Hana works part-time with Mawjoudin (We Exist), an officially-recognised LGBT activist group whose existence is at least an indicator of progress. It runs advice services, offers counselling and hosts events including a Queer Film Festival in Tunis. The group has to be strict about security, yet still encounters problems: the lighting technician at a drag show who refused to work when he discovered the nature of the entertainment; the bank that tried to freeze the group’s accounts.
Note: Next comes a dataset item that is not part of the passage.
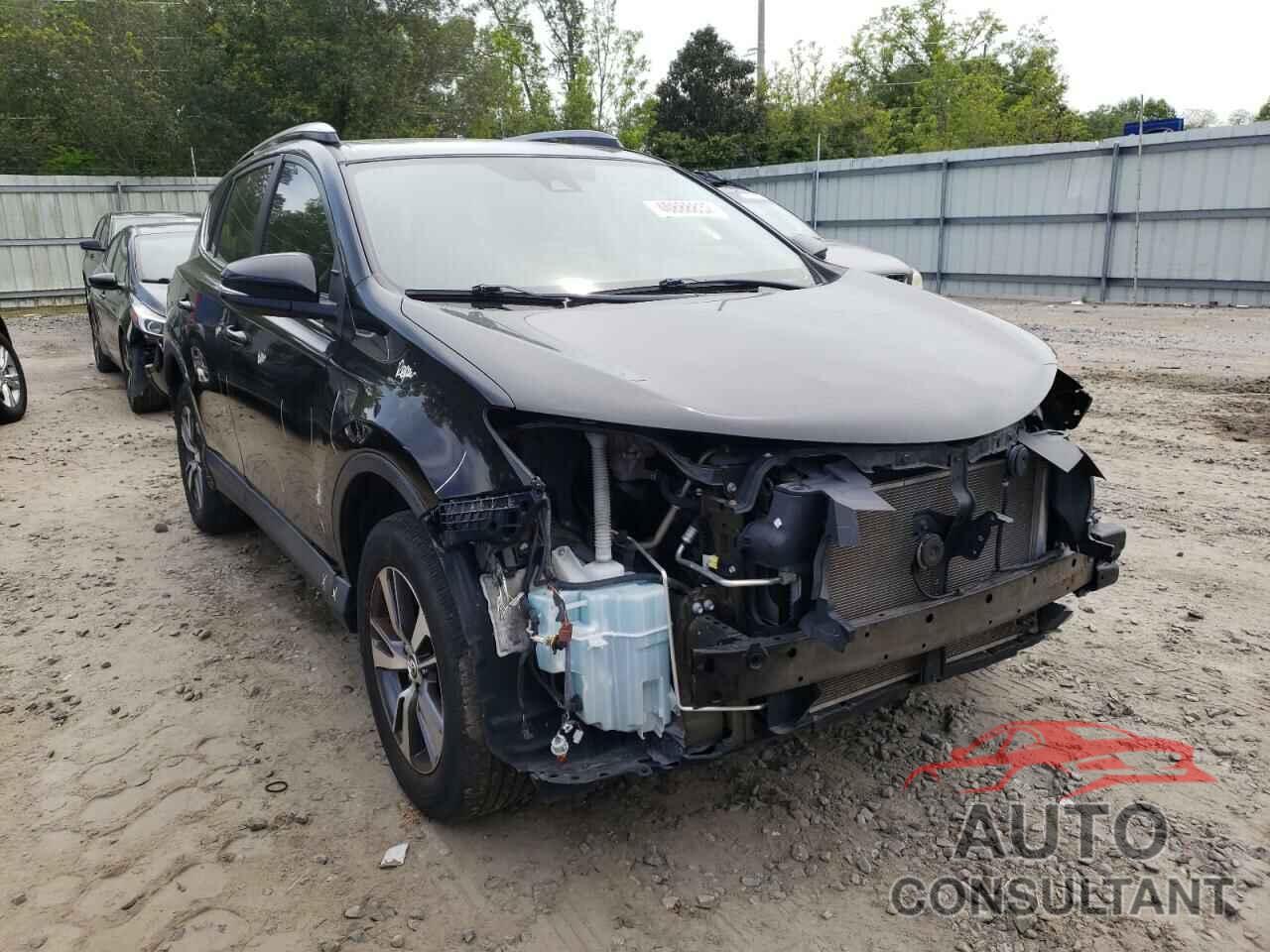 TOYOTA RAV4 2017 - 2T3RFREV6HW621748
About 20 similar groups fighting for sexual freedom now operate in the region, but the experience of other countries is that any advances can be fragile. Egypt has regressed after returning to brutal repression under General Abdul Fattah al-Sisi. Sex reassignment surgery has been banned and a television presenter was jailed for a year, in January, simply for interviewing a gay man. Lebanon was seen as allowing slightly more space than most, yet an LGBT conference was shut down last year and all 80 attendees were barred from returning to the country.
“Religious fundamentalist groups find out about events and then pressure the police or authorities to take action,” said Neela Ghoshal, a senior researcher with Human Rights Watch.
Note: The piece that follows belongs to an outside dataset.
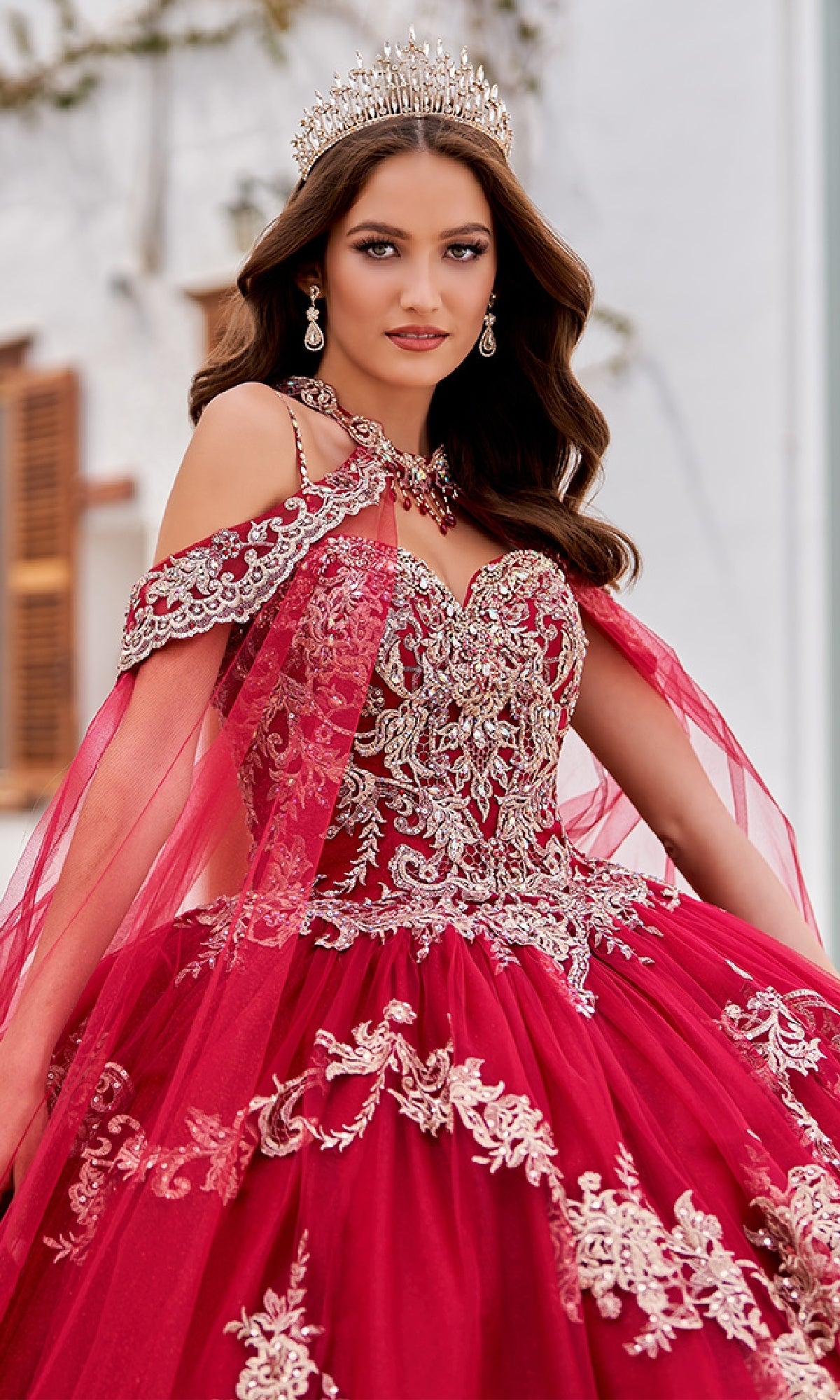 Quinceanera Dress PR30086 By Princesa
Behind everything lurks the big question facing Tunisia as it goes to the polls for a new president and parliament: how stable is this fledgling democracy, the solitary surviving success of the 2011 revolutions? One analyst put it to me that this is a nation is trying to build its ship of state while sailing. Its constitution is progressive but still to be implemented. Its parliament is dysfunctional, its judiciary unreformed and its economy in dire need of structural reform. Its bloated public sector wage bill, for instance, is among the highest in the world as a share of the economy, after efforts to buy off discontent with government jobs.
There is an immense mistrust of politicians and party politics. Turnout has fallen in each of the last three elections and young voters especially operate under the assumption that corruption is rampant. Young people are among the region’s least interested in political debate and religion. Their frustration, fuelled by unemployment, sparked the 2011 uprising but has since led to a near-doubling of suicide rates, a huge brain drain, mass flight over the Mediterranean to Italy, and the highest rate of foreign enlistment in the ranks of the Islamic State. There were 10,000 protests last year, and one poll found that eight in ten people feared their country was heading in the wrong direction.
At least there is pressure for change. “The democratic culture has not yet really fully taken hold, although Tunisia has dispelled the myth that democracy is not compatible with the Arab world, becoming a beacon of hope for the region,” says Sarah Yerkes, a Tunisia specialist at the Carnegie Endowment for International Peace. “You do have a civil society and a media that tries to hold the institutions to account. In the LGBT arena things that you could never talk about are now being debated with legal NGOs and even a radio station. These things are unheard of in the Arab world.”
And now an openly gay man has bid to run for Tunisia’s highest political office – a first for North Africa, and something we have yet to see in Britain.